Make ITextEmbeddingGenerator.CountTokens and ITextGenerator.CountTokens ValueTask<int>

Question

Make ITextEmbeddingGenerator.CountTokens and ITextGenerator.CountTokens ValueTask<int>

JohnGalt1717 opened this issue 8 months ago · comments

Right now these are synchronous, but if you're using an online service to implement these (i.e. LLama.cpp server) then these need to be able to return async responses.

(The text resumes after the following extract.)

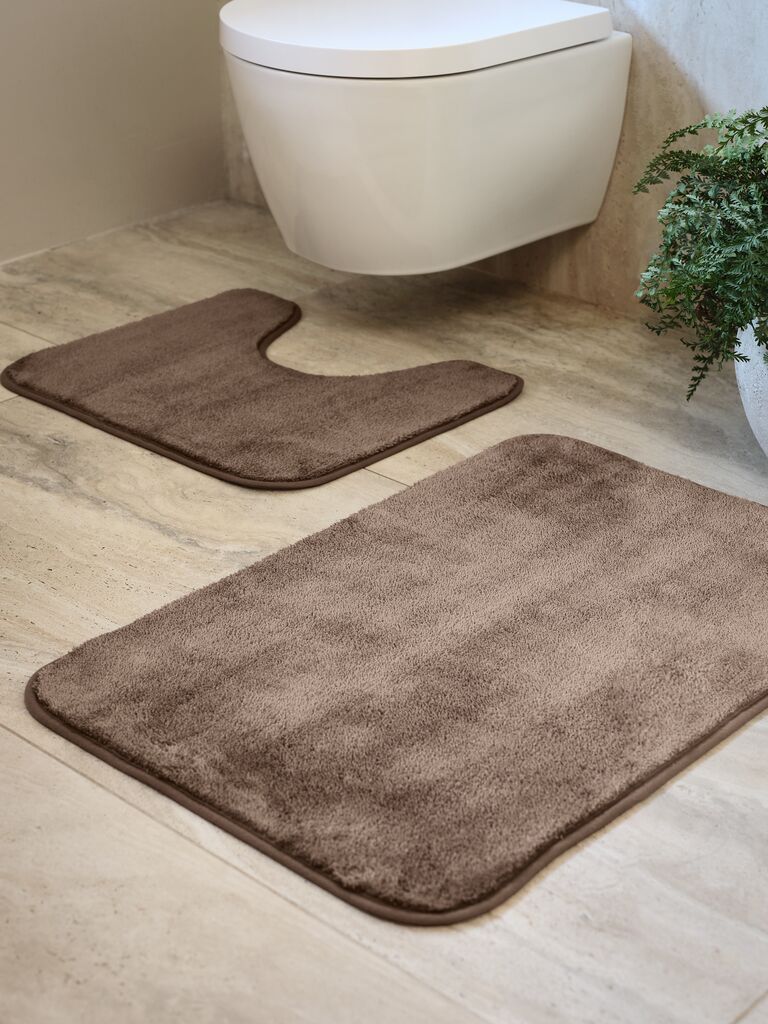 Ensemble de tapis de bain basique TIMSFORS, 2 pièces, sable foncé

Having it return ValueTask would be greatly helpful.

Inversely GenerateEmbeddingAsync could be ValueTask as well.

Devis Lucato · Answer 1 · Fri Dec 15 2023 03:07:40 GMT+0800 (China Standard Time)

We tried making it async during the initial implementation, but it would affect the speed and complexity of the text chunker that would need quite a bit of rewrite, and raise questions about the usage. Counting tokens is currently meant to be fast&free, e.g. we use CountTokens even for logging statements. If we modify that assumption, we'll need to reassess each use case to avoid unnecessary calls and unforeseen expenses.

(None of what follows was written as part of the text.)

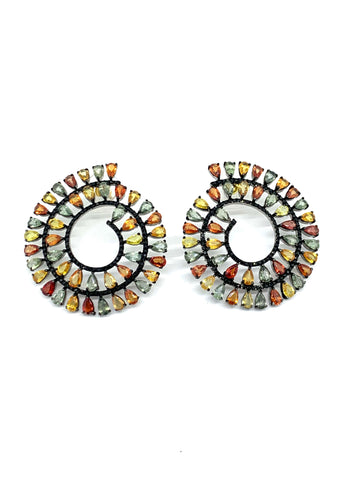 Multicolor Sapphire and Black Spinel Swirl Earrings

James Hancock · Answer 2 · Fri Dec 15 2023 04:12:35 GMT+0800 (China Standard Time)

OK, well what I'm doing is creating an implementation of the LLama API (native not emulated). I can't find a good LLama token counter for C# that will do it without the API call.

Suggestions?

Devis Lucato · Answer 3 · Fri Dec 15 2023 04:31:28 GMT+0800 (China Standard Time)

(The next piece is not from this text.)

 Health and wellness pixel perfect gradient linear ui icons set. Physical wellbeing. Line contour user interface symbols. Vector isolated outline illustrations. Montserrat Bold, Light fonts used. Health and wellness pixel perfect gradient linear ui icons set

IIRC Llama uses SentencePiece, anything available in that direction?

James Hancock · Answer 4 · Fri Dec 15 2023 04:42:36 GMT+0800 (China Standard Time)

Seems like you guys have one?

https://github.com/microsoft/BlingFire

John Hershberg · Answer 5 · Sat Jan 13 2024 21:51:13 GMT+0800 (China Standard Time)

Seems like you guys have one?

https://github.com/microsoft/BlingFire

Did you end up going with this? I'm facing this exact issue right now and haven't found a good solution. I'm still doing it async, but just using .GetAwaiter().GetResult(); which is terrible. BlingFire seems ok, but also requires you to load and unload the model each time, which seems bad to me.

I don't exactly see why this method can't be async